Work instructions:
Exclude the pictures and transcribe the rest of the data below exactly.
-- Given material follows --
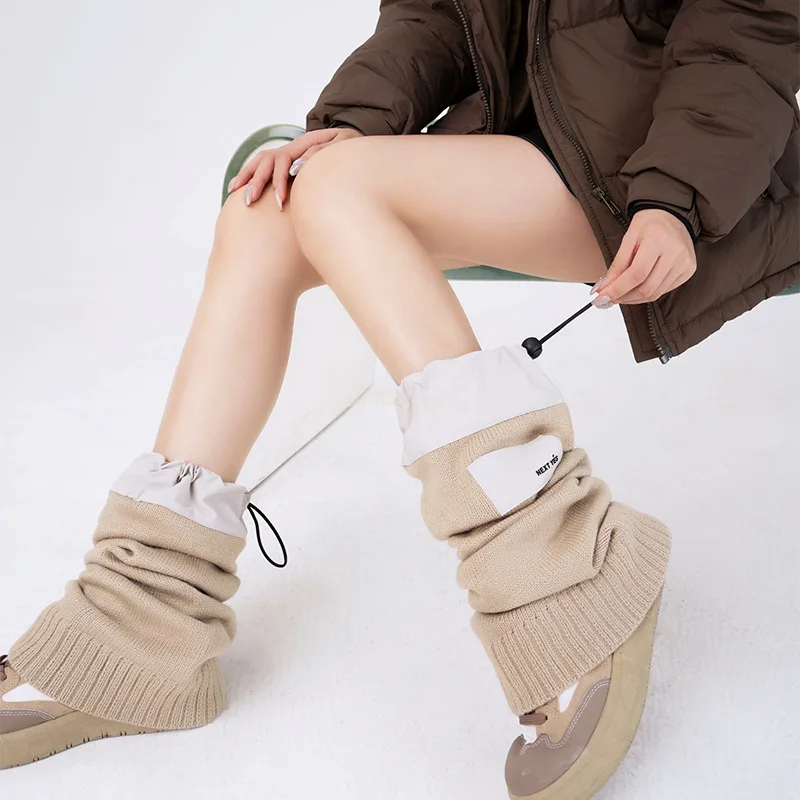 y2k Sun protection for cycling Leg Warmers Elastic Calf Foot Covers for Women and Teen Girls Grunge Baggy Boot Covers Socks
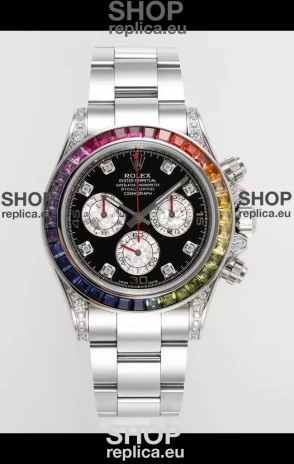 Rolex Cosmograph Daytona 116599RBOW Stainless Steel Original Cal.4130 Movement 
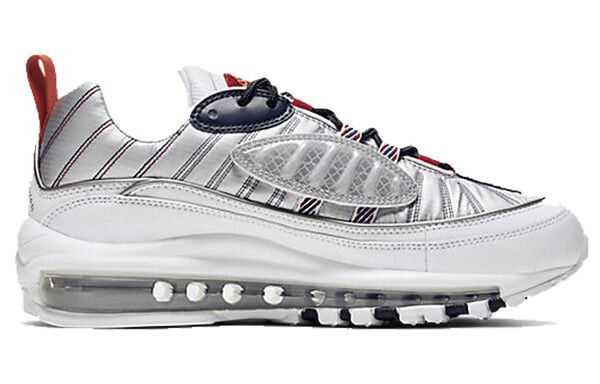 Кроссовки air max 98 prm Nike, белый — фото 2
-- Given material concluded --
Solution:
 y2k Sun protection for cycling Leg Warmers Elastic Calf Foot Covers for Women and Teen Girls Grunge Baggy Boot Covers Socks
 Rolex Cosmograph Daytona 116599RBOW Stainless Steel Original Cal.4130 Movement 
 Кроссовки air max 98 prm Nike, белый — фото 2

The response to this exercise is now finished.